Michael Chang (they/them) is the author of several collections of poetry, including Boyfriend Perspective (Really Serious Literature, 2021), Almanac Of Useless Talents (CLASH Books, 2022), & Synthetic Jungle (Northwestern University Press, 2023). Tapped to edit Lambda Literary's Emerge anthology, their poems have been nominated for Best New Poets, Best of the Net, & the Pushcart Prize. They were awarded the Poetry Project's prestigious Brannan Prize in 2021, & serve as a poetry editor at the acclaimed journal Fence.

Katherine Gekker’s poetry has been called “affecting” and “elusive” by the New York Times and has been published by Little Patuxent Review, Broadkill Review, and many other journals.
     The author of In Search of Warm Breathing Things (Glass Lyre Press, 2019), Gekker serves as Poetry Assistant Editor for Delmarva Review.
     A collection of Gekker’s poems called “…to Cast a Shadow Again” was set to music by composer Eric Ewazen. Composer Carson Cooman set a seasonal cycle of her poems, “Chasing the Moon Down,” to music. Both have been performed nationally and internationally and are available on CD and through various online music platforms.
     She studies poetry in classes, workshops, and overseas retreats with Ellen Bass, Marie Howe, and Mark Doty.
     Gekker was born in Washington, DC. In 1974, she founded a commercial printing company and sold it 31 years later. She lives with her wife in Arlington, Virginia.

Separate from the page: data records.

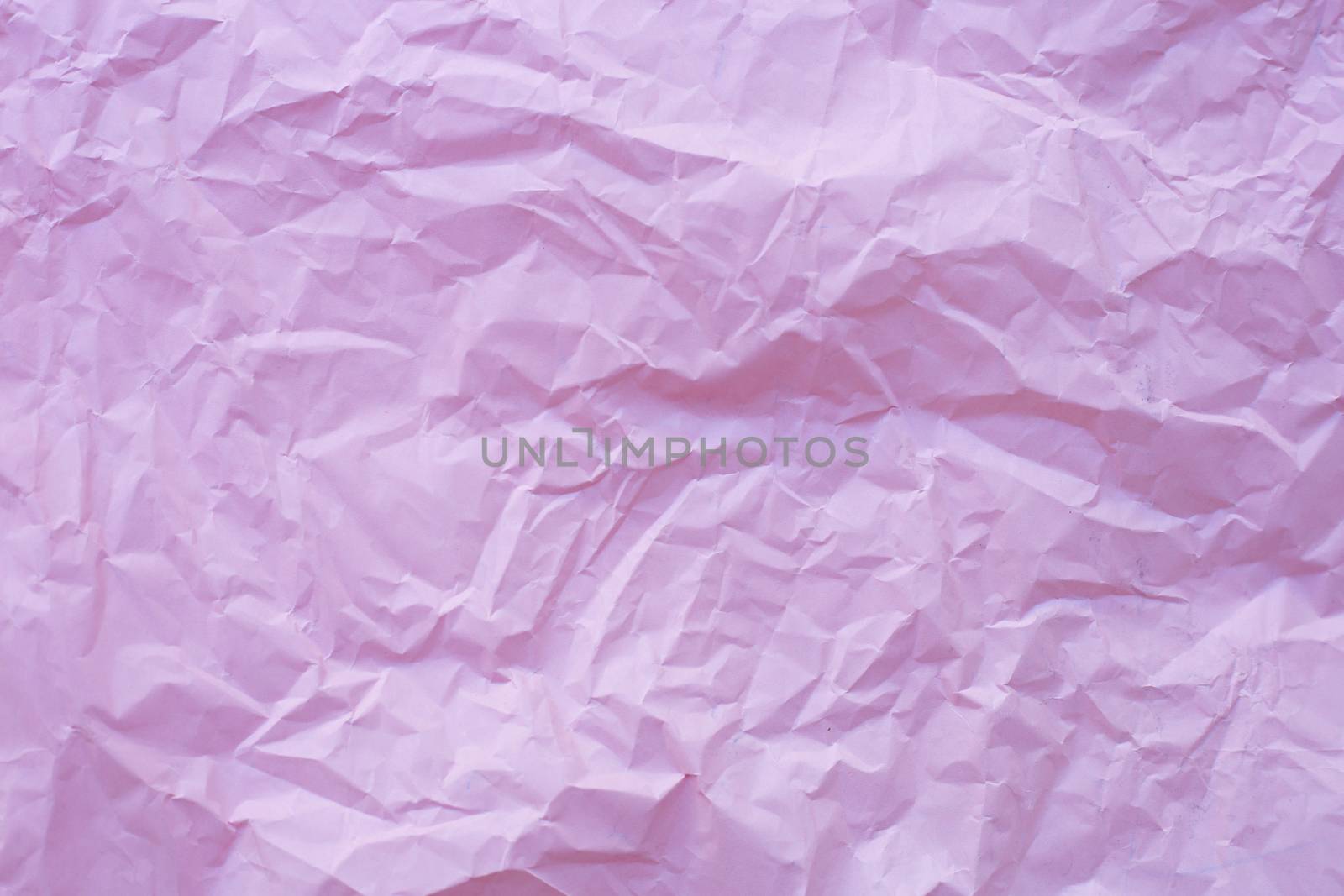 Pink crumpled recycle paper background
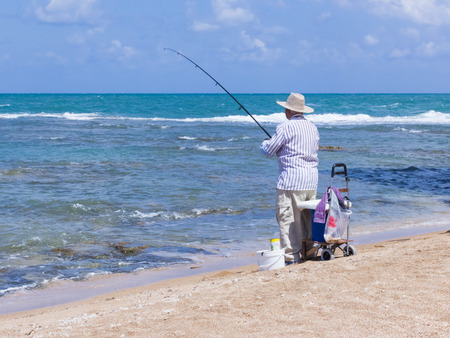 Acre, Israel - May 28, 2016: Elderly man fishing with a fishing rod on the beach in Akre, Israelのeditorial素材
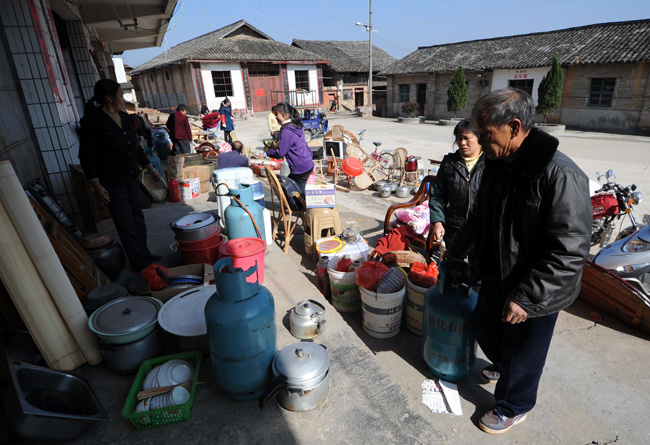 Villagers move everyday items out of their homes in Zhoutian Township, Huichang County in east China&apos;s Jiangxi Province, Dec. 26, 2010. [Xinhua]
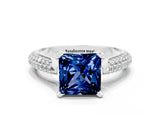 White gold Princess Cut Diamond Solitaire Engagement Ring with Pavé Band and Four-Prong Setting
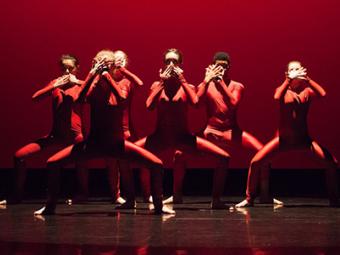 Group of students on stage pose together during a dance performance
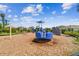 Community playground featuring a variety of play structures, surrounded by lush greenery and well-maintained landscaping at 4918 Gray Owl Ter, Palmetto, FL 34221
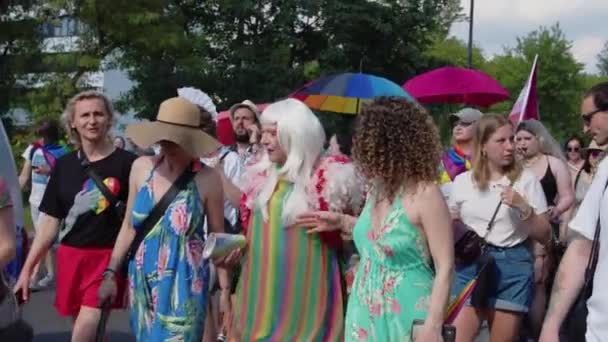 Trotse parade Warschau. Volk van mensen in kleurrijke kleding en met regenboog vlaggen marcheren voor de lgbq rechts — Stockvideo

Liz Holland is a poet with her MFA in Creative Writing & Publishing Arts from the University of Baltimore. Nominated for ‘Best of the Net’ in 2021, her work can be found in Remington Review, Broadkill Review, Little Patuxent Review, Welter, and several other literary journals. Her debut book of poetry Let the bees rest can be found via her Instagram and Twitter handle @cottonswords. She lives in Baltimore with her fur-son Brax.

Margot Douaihy, PhD, is the author of Bandit/Queen: The Runaway Story of Belle Starr, Scranton Lace, and Girls Like You (Clemson University Press). Her writing has been featured in Colorado Review, Diode, Florida Review, North American Review, PBS NewsHour, Portland Review, and elsewhere. She serves as a Section Editor of Journal of Creative Writing Studies and teaches Creative Writing at Franklin Pierce University.

Max Kruger-Dull holds an MFA in Writing from Vermont College of Fine Arts. His recent work has appeared or is forthcoming in The MacGuffin, Litro Magazine, the tiny journal, Baby Teeth Journal, and others. He lives in New York with his boyfriend and two dogs.